Relating Okonkwo to a Tragic Hero

Aristotle’s description of a tragic hero is a good, consistent person who is aristocratic, but possesses a tragic flaw and hamartia that will lead to the character’s demise. In addition to that, the fate that befalls that character is often unfortunate, arousing the feeling of pity leading to catharsis. In Chinua Achebe’s Things Fall Apart, the central character Okonkwo can be defined as a tragic hero as he has all the necessary qualities to be branded as such.
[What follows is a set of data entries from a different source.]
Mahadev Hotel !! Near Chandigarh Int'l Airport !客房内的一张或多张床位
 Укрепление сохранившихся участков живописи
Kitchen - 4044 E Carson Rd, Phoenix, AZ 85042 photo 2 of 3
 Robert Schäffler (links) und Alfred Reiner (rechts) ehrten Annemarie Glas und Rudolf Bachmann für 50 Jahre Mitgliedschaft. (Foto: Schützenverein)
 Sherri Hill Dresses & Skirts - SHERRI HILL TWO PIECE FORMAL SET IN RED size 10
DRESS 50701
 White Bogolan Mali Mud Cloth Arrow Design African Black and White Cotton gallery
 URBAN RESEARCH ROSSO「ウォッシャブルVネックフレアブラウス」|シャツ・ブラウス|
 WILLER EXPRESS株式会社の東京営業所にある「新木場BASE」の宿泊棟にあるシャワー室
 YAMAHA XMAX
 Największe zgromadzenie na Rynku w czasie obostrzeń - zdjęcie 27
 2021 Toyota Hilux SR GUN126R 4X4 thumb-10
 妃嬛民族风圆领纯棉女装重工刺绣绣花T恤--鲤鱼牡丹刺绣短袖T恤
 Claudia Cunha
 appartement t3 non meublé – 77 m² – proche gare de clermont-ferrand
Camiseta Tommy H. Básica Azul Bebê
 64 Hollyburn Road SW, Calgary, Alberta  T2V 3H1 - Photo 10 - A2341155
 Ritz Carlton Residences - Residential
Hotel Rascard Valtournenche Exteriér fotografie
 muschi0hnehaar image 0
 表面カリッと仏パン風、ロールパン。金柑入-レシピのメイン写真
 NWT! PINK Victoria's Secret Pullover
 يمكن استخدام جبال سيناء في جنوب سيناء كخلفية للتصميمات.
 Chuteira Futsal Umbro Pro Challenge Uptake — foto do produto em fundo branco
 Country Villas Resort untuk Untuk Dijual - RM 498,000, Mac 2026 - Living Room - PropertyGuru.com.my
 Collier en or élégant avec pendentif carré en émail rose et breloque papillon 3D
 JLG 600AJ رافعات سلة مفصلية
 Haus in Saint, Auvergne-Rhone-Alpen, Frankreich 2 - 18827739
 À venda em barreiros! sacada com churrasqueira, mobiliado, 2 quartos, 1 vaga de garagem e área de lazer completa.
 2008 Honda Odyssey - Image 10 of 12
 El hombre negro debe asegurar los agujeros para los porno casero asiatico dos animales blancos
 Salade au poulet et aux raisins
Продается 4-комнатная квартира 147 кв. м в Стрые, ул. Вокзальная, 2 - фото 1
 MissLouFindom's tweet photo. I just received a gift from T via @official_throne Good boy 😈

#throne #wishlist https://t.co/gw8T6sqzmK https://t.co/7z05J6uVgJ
As demonstrated on several occasions, Okonkwo is not only noble but has a good character. He was strong and had already accomplished much during his time. “As a young man of eighteen, he had brought honor to his village by throwing Amalinze the Cat (Achebe, Chinua, ).” Even though such an activity brought him fame, he was still kind hearted enough to take in and treat Ikemefuna as his son. Moreover, Okonkwo was a common man, and through hard work, managed to come from nothing to become one of the wealthy in the community. He “didn’t inherit a barn from his father. There was no barn to inherit (Achebe, Chinua, 6).” In addition to that, he was consistent with his action, even when he was asked to sacrifice Ikemefuna. On the downside, Okonkwo was a hostile person who was harsh towards his wife and children. Of all the qualities, however, his fear of failure was his major undoing. Even as he followed the oracle’s advice, Ikemefuna’s death was heavy on him that by the mental disturbance led to his gun exploding. He was banished from the village. His hamartia being extreme rashness and anger. After the exile, he came back trying to regain his glory, that on one occasion killed a white man out of anger, and when others tribesmen failed to kill the remaining whites, he felt dejected and went forth to hang himself. There was no burial or honor for those who had committed suicide in the village. Okonkwo was“…one of the greatest men in Umuofia . … now he will be buried like a dog (Achebe, Chinua, 147).”

In a nutshell, all the presentation above are of a tragic hero. As a great man, and a leader, Okonkwo faced a miserable fate, and his demise just as sad.